EXERCISE BRIEF> All that belongs in the answer is the lines from the one containing "Купить Pulsar ES1" to the end of the listing below, copied exactly, pictures excluded.

Top of DATASET SECTION

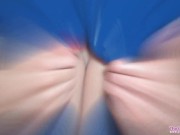 Step-mom destroys my cock! Huge tits in latex outfit! PREVIEW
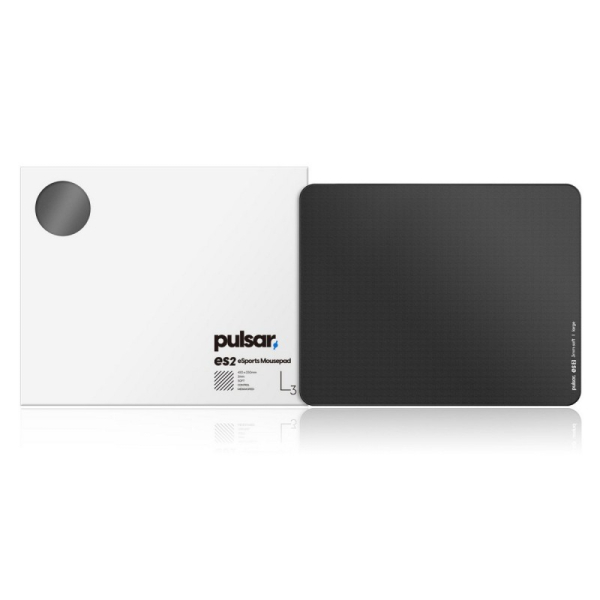 Купить Pulsar ES1 Mouse Pad 3mm L 420x330 Black-2.jpg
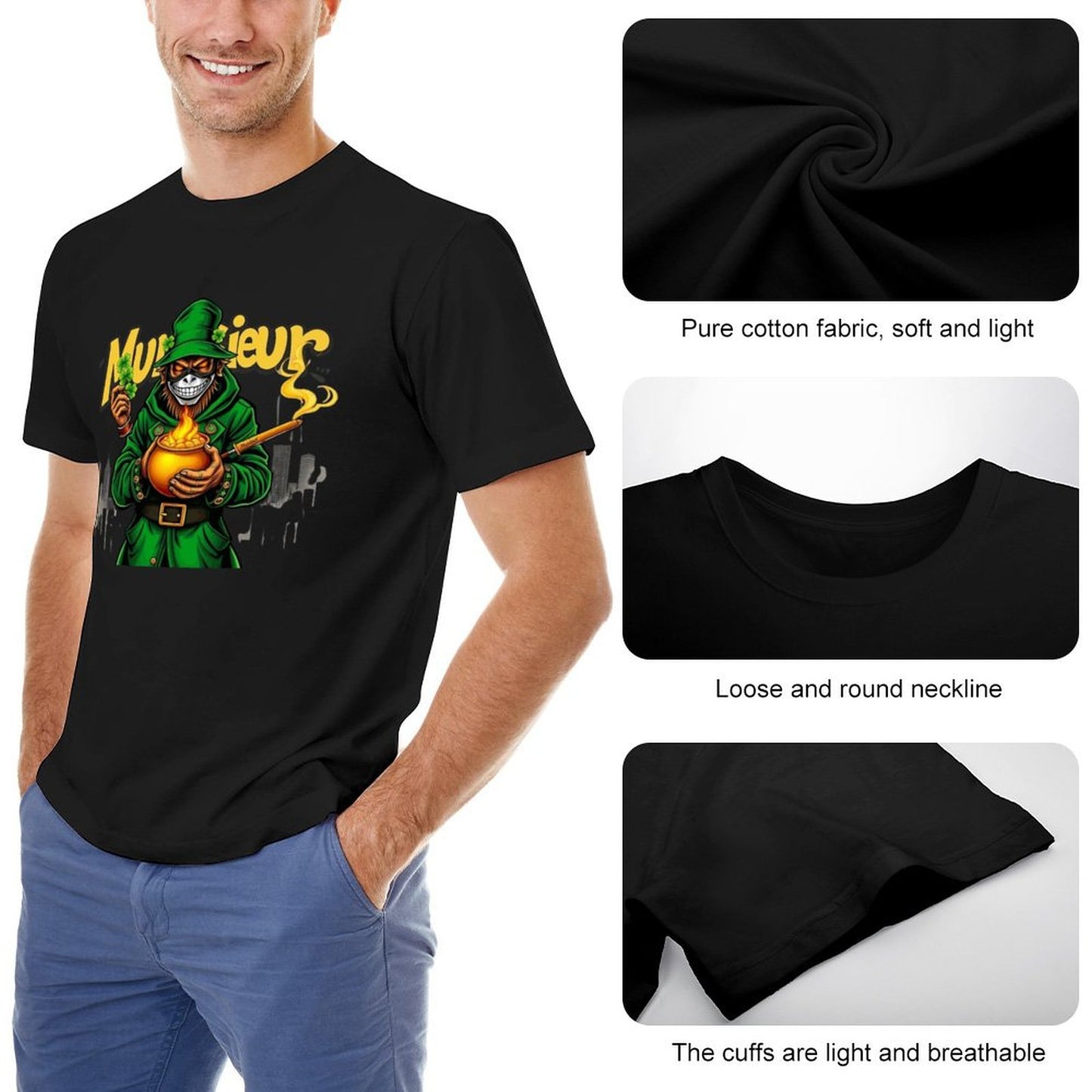 St. Patrick's Day Collection Clover Gang "Tiko" Tee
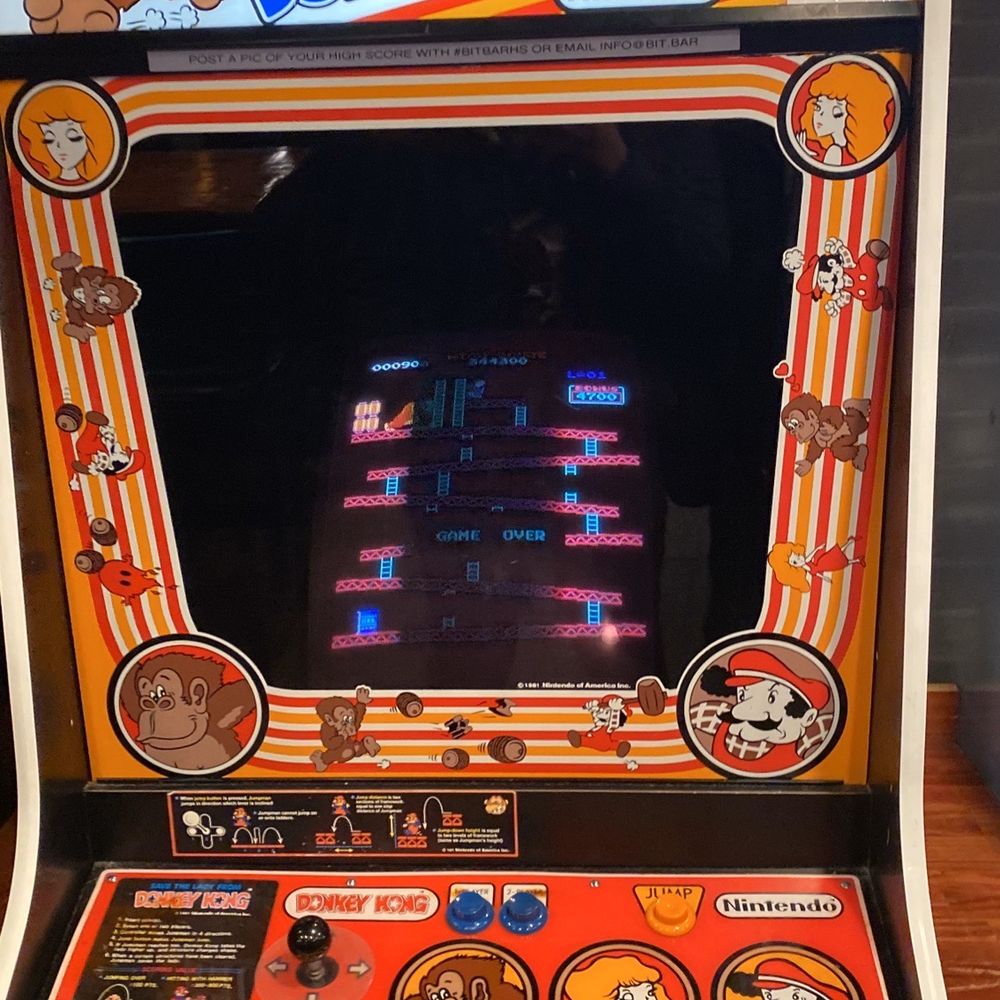 Bit Bar Salem - Donkey Kong - Bars Near Me - Salem, Massachusetts Bit Bar Salem - Donkey Kong - Bars Near Me - Salem, Massachusetts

Bottom of DATASET SECTION

ANSWER BOX>
 Купить Pulsar ES1 Mouse Pad 3mm L 420x330 Black-2.jpg
 St. Patrick's Day Collection Clover Gang "Tiko" Tee
 Bit Bar Salem - Donkey Kong - Bars Near Me - Salem, Massachusetts Bit Bar Salem - Donkey Kong - Bars Near Me - Salem, Massachusetts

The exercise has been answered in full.